To do:
Only the number is wanted: how many lines in the data contain "Immunohistochemistry"?

Data in this exercise:
—————

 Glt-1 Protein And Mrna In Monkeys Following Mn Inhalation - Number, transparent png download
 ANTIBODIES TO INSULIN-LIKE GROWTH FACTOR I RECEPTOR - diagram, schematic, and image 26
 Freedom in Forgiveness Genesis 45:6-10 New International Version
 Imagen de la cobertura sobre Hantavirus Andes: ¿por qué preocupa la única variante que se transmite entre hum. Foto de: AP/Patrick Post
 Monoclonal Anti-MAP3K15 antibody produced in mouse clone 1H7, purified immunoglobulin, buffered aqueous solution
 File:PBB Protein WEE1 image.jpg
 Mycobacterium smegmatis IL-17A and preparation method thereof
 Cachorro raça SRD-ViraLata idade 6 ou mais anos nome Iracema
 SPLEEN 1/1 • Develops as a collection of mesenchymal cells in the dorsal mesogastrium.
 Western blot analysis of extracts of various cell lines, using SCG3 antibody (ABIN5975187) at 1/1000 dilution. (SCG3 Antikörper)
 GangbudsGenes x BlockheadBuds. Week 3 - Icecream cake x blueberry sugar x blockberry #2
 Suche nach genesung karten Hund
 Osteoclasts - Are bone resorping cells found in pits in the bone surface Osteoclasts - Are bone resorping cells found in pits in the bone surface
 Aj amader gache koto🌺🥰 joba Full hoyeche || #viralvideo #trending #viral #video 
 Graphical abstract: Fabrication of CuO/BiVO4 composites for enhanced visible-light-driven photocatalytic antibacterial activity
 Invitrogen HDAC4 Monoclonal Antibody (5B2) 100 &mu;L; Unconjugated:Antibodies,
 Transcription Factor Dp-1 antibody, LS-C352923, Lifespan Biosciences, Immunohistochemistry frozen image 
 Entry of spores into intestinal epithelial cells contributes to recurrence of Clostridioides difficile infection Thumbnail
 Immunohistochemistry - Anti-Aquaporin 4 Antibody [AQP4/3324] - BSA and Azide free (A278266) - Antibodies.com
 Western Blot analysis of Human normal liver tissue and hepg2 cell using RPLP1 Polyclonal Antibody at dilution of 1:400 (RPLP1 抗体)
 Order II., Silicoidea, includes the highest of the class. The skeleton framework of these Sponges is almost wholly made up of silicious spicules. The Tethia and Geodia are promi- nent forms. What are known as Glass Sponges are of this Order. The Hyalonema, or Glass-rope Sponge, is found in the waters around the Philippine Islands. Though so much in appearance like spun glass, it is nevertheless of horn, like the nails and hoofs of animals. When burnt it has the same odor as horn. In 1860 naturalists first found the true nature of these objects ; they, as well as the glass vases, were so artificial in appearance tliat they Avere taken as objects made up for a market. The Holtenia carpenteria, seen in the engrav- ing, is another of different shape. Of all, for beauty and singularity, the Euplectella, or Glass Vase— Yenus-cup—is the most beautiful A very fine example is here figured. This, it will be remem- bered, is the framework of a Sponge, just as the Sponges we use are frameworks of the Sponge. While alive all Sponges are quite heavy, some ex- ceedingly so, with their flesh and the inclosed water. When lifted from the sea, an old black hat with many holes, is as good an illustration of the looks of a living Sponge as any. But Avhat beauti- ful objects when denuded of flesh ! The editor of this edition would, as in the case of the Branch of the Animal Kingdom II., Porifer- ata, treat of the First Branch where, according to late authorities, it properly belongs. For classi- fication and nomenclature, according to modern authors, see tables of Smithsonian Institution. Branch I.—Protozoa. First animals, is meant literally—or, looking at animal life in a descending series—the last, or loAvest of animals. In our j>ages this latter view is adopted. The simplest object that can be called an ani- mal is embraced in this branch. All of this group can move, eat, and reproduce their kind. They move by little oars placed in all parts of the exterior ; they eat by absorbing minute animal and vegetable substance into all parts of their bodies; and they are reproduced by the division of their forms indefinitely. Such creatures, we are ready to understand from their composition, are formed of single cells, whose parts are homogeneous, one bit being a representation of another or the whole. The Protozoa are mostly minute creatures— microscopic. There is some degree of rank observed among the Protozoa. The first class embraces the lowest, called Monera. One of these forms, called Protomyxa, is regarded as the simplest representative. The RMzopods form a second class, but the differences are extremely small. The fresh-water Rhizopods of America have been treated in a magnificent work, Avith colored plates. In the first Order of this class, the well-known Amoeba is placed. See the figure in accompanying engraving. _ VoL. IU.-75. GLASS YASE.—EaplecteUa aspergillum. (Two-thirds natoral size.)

—————

Output:
2